Abstract

With the growing needs of data intensive science, such as high energy physics, and the need to share data between multiple remote computer and data centers worldwide, the necessity for high network performance to replicate large volumes (TBytes) of data between remote sites in Europe, Japan and the U.S. is imperative. Currently, most production bulk-data replication on the network utilizes multiple parallel standard (Reno based) TCP streams. Optimizing the window sizes and number of parallel stream is time consuming, complex, and varies (in some cases hour by hour) depending on network configurations and loads. We therefore evaluated new advanced TCP stacks that do not require multiple parallel streams while giving good performances on high speed long-distance network paths.

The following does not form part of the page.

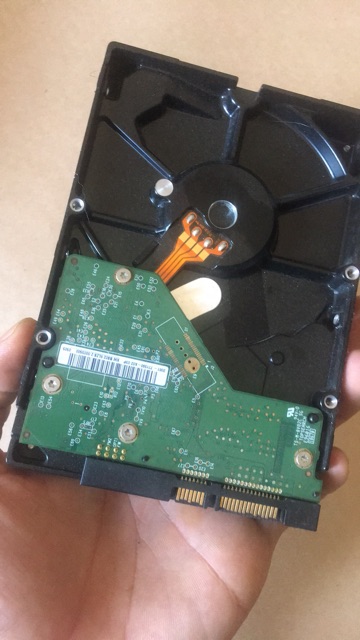 Ổ cứng máy để bàn desktop 320g sata đã cài sẵn 7200rpm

In this paper, we report measurements made on real production networks with various TCP implementations on paths with different Round Trip Times (RTT) using both optimal and sub-optimal window sizes.We compared the New Reno TCP with the following stacks: HS-TCP, Fast TCP, S-TCP, HSTCP-LP, H-TCP and Bic-TCP. The analysis will compare and report on the stacks in terms of achievable throughput, impact on RTT, intra- and inter-protocol fairness, stability, as well as the impact of reverse traffic.We also report on some tentative results from tests made on unloaded 10 Gbps paths during SuperComputing 2003.